A mixture of lectures, discussions and workshops including screening of short clips from various film adaptations. Students will receive a short list of reading when they book – all easily accessible online. The course focuses on a single Austen novel, Pride and Prejudice though there will be a place for comparisons, but this is not a general course about Austen, nor is there any particular focus on Austen’s life.
Tutor: Rachel Malik
Dates: Tuesday Sept 5 and Wednesday Sept 6
Fee: HLSI members £80
Venue: Gosling Room
Outline for two day course
Morning. Lecture and discussion. Contexts 1. The unstable world of Pride and Prejudice: the new rich and the Napoleonic Wars.

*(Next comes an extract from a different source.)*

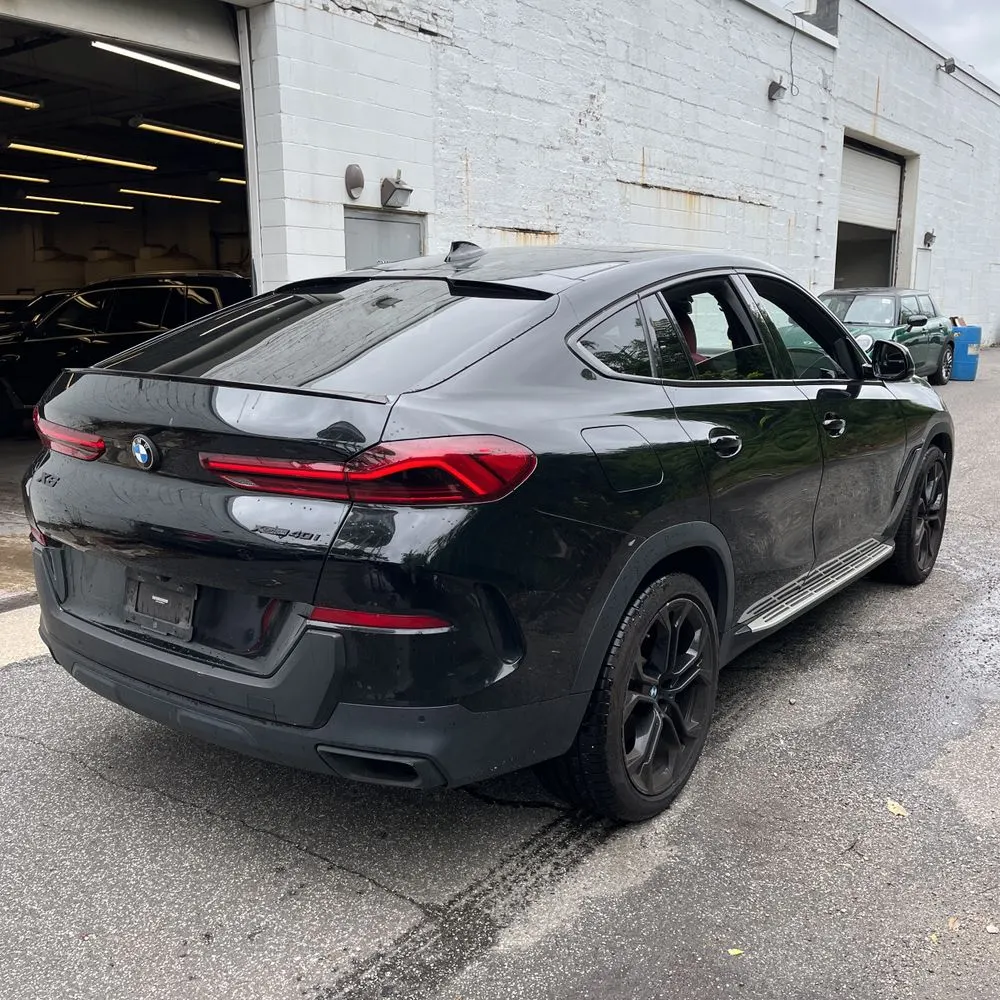 2022 BMW X6 XDrive40i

Afternoon. Discussion and workshop: Families and properties: Bennets, Bingleys and Darcys; Longbourn, Netherfield and Pemberley – these are the main characters in the novel and always count more than any individual heroine or hero.
Morning. Lecture and discussion. Contexts 2: Pride and Prejudice as part of late 18th and early 19th century novelistic culture – brief comparisons with contemporaneous writers Ann Radcliffe, Fanny Burney and Maria Edgeworth.
Afternoon. What kinds of argument is Pride and Prejudice making about the politics of its time? What is its vision of the good society? How are irony and free indirect style central to Austen’s arguments?